#### [EXERCISE OBJECTIVE]
Please transcribe all of the records precisely.

[Short web captions]
* * *

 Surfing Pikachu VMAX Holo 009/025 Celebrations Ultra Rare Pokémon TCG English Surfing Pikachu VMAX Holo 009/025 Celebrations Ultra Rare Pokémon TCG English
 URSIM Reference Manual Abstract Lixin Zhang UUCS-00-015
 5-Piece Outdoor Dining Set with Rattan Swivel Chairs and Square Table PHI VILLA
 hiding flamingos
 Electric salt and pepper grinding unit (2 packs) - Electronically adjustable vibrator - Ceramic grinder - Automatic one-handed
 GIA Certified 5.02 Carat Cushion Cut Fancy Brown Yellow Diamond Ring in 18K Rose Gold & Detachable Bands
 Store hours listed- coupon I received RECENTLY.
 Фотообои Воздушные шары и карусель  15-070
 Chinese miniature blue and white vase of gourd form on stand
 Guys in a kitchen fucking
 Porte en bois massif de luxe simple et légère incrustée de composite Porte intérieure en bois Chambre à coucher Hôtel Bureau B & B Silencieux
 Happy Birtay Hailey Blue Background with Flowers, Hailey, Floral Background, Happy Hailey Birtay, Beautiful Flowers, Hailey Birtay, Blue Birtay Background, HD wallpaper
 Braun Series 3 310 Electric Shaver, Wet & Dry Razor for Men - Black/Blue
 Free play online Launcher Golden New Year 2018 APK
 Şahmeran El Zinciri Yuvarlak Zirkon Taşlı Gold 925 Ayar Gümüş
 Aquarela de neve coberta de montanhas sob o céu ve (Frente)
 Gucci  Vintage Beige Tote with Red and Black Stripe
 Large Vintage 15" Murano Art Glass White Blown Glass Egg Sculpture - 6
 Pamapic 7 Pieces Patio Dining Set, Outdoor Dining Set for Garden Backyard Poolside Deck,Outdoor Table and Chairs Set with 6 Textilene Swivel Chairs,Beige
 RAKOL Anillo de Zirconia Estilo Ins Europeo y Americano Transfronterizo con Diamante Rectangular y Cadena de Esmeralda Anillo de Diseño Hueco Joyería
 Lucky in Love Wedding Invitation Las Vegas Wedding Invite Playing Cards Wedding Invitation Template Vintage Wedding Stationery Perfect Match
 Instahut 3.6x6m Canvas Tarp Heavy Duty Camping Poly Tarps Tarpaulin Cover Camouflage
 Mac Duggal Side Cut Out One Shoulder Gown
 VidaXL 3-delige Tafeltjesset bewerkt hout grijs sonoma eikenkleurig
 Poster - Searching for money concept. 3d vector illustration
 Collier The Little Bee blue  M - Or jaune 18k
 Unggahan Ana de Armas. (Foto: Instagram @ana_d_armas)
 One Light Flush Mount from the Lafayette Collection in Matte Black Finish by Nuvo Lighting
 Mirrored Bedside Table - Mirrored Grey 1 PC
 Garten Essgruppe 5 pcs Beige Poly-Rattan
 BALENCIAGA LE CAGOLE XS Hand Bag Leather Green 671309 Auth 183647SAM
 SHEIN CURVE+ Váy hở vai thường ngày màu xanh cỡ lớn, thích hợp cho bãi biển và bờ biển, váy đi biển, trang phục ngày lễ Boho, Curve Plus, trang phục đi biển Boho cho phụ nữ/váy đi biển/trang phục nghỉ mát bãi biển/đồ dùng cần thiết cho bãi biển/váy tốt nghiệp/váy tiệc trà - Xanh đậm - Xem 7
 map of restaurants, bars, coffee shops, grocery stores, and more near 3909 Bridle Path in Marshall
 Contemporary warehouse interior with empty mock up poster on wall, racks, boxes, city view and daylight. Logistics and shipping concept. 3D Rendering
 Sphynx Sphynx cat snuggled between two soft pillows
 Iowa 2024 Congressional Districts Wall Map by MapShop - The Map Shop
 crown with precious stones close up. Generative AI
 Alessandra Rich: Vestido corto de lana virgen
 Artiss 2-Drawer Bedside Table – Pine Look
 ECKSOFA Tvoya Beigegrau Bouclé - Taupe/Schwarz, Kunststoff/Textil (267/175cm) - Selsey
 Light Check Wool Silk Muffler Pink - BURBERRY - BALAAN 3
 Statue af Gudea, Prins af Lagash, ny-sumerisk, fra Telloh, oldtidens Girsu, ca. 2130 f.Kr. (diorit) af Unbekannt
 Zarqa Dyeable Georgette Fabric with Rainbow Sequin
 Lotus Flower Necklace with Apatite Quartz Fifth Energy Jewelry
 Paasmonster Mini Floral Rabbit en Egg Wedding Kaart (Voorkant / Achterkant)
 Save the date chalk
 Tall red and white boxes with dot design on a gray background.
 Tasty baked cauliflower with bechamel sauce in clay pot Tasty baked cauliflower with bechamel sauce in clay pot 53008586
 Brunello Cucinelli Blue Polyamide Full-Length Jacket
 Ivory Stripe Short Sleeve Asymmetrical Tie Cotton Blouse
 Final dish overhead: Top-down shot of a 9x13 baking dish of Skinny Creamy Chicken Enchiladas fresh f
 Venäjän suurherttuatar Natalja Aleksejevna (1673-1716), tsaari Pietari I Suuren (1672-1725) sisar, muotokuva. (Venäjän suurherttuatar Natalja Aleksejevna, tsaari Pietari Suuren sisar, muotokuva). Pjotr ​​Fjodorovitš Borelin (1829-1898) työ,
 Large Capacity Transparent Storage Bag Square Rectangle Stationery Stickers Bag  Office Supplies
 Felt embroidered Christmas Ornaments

* * *

#### [TASK ANSWER]
 Surfing Pikachu VMAX Holo 009/025 Celebrations Ultra Rare Pokémon TCG English Surfing Pikachu VMAX Holo 009/025 Celebrations Ultra Rare Pokémon TCG English
 URSIM Reference Manual Abstract Lixin Zhang UUCS-00-015
 5-Piece Outdoor Dining Set with Rattan Swivel Chairs and Square Table PHI VILLA
 hiding flamingos
 Electric salt and pepper grinding unit (2 packs) - Electronically adjustable vibrator - Ceramic grinder - Automatic one-handed
 GIA Certified 5.02 Carat Cushion Cut Fancy Brown Yellow Diamond Ring in 18K Rose Gold & Detachable Bands
 Store hours listed- coupon I received RECENTLY.
 Фотообои Воздушные шары и карусель  15-070
 Chinese miniature blue and white vase of gourd form on stand
 Guys in a kitchen fucking
 Porte en bois massif de luxe simple et légère incrustée de composite Porte intérieure en bois Chambre à coucher Hôtel Bureau B & B Silencieux
 Happy Birtay Hailey Blue Background with Flowers, Hailey, Floral Background, Happy Hailey Birtay, Beautiful Flowers, Hailey Birtay, Blue Birtay Background, HD wallpaper
 Braun Series 3 310 Electric Shaver, Wet & Dry Razor for Men - Black/Blue
 Free play online Launcher Golden New Year 2018 APK
 Şahmeran El Zinciri Yuvarlak Zirkon Taşlı Gold 925 Ayar Gümüş
 Aquarela de neve coberta de montanhas sob o céu ve (Frente)
 Gucci  Vintage Beige Tote with Red and Black Stripe
 Large Vintage 15" Murano Art Glass White Blown Glass Egg Sculpture - 6
 Pamapic 7 Pieces Patio Dining Set, Outdoor Dining Set for Garden Backyard Poolside Deck,Outdoor Table and Chairs Set with 6 Textilene Swivel Chairs,Beige
 RAKOL Anillo de Zirconia Estilo Ins Europeo y Americano Transfronterizo con Diamante Rectangular y Cadena de Esmeralda Anillo de Diseño Hueco Joyería
 Lucky in Love Wedding Invitation Las Vegas Wedding Invite Playing Cards Wedding Invitation Template Vintage Wedding Stationery Perfect Match
 Instahut 3.6x6m Canvas Tarp Heavy Duty Camping Poly Tarps Tarpaulin Cover Camouflage
 Mac Duggal Side Cut Out One Shoulder Gown
 VidaXL 3-delige Tafeltjesset bewerkt hout grijs sonoma eikenkleurig
 Poster - Searching for money concept. 3d vector illustration
 Collier The Little Bee blue  M - Or jaune 18k
 Unggahan Ana de Armas. (Foto: Instagram @ana_d_armas)
 One Light Flush Mount from the Lafayette Collection in Matte Black Finish by Nuvo Lighting
 Mirrored Bedside Table - Mirrored Grey 1 PC
 Garten Essgruppe 5 pcs Beige Poly-Rattan
 BALENCIAGA LE CAGOLE XS Hand Bag Leather Green 671309 Auth 183647SAM
 SHEIN CURVE+ Váy hở vai thường ngày màu xanh cỡ lớn, thích hợp cho bãi biển và bờ biển, váy đi biển, trang phục ngày lễ Boho, Curve Plus, trang phục đi biển Boho cho phụ nữ/váy đi biển/trang phục nghỉ mát bãi biển/đồ dùng cần thiết cho bãi biển/váy tốt nghiệp/váy tiệc trà - Xanh đậm - Xem 7
 map of restaurants, bars, coffee shops, grocery stores, and more near 3909 Bridle Path in Marshall
 Contemporary warehouse interior with empty mock up poster on wall, racks, boxes, city view and daylight. Logistics and shipping concept. 3D Rendering
 Sphynx Sphynx cat snuggled between two soft pillows
 Iowa 2024 Congressional Districts Wall Map by MapShop - The Map Shop
 crown with precious stones close up. Generative AI
 Alessandra Rich: Vestido corto de lana virgen
 Artiss 2-Drawer Bedside Table – Pine Look
 ECKSOFA Tvoya Beigegrau Bouclé - Taupe/Schwarz, Kunststoff/Textil (267/175cm) - Selsey
 Light Check Wool Silk Muffler Pink - BURBERRY - BALAAN 3
 Statue af Gudea, Prins af Lagash, ny-sumerisk, fra Telloh, oldtidens Girsu, ca. 2130 f.Kr. (diorit) af Unbekannt
 Zarqa Dyeable Georgette Fabric with Rainbow Sequin
 Lotus Flower Necklace with Apatite Quartz Fifth Energy Jewelry
 Paasmonster Mini Floral Rabbit en Egg Wedding Kaart (Voorkant / Achterkant)
 Save the date chalk
 Tall red and white boxes with dot design on a gray background.
 Tasty baked cauliflower with bechamel sauce in clay pot Tasty baked cauliflower with bechamel sauce in clay pot 53008586
 Brunello Cucinelli Blue Polyamide Full-Length Jacket
 Ivory Stripe Short Sleeve Asymmetrical Tie Cotton Blouse
 Final dish overhead: Top-down shot of a 9x13 baking dish of Skinny Creamy Chicken Enchiladas fresh f
 Venäjän suurherttuatar Natalja Aleksejevna (1673-1716), tsaari Pietari I Suuren (1672-1725) sisar, muotokuva. (Venäjän suurherttuatar Natalja Aleksejevna, tsaari Pietari Suuren sisar, muotokuva). Pjotr ​​Fjodorovitš Borelin (1829-1898) työ,
 Large Capacity Transparent Storage Bag Square Rectangle Stationery Stickers Bag  Office Supplies
 Felt embroidered Christmas Ornaments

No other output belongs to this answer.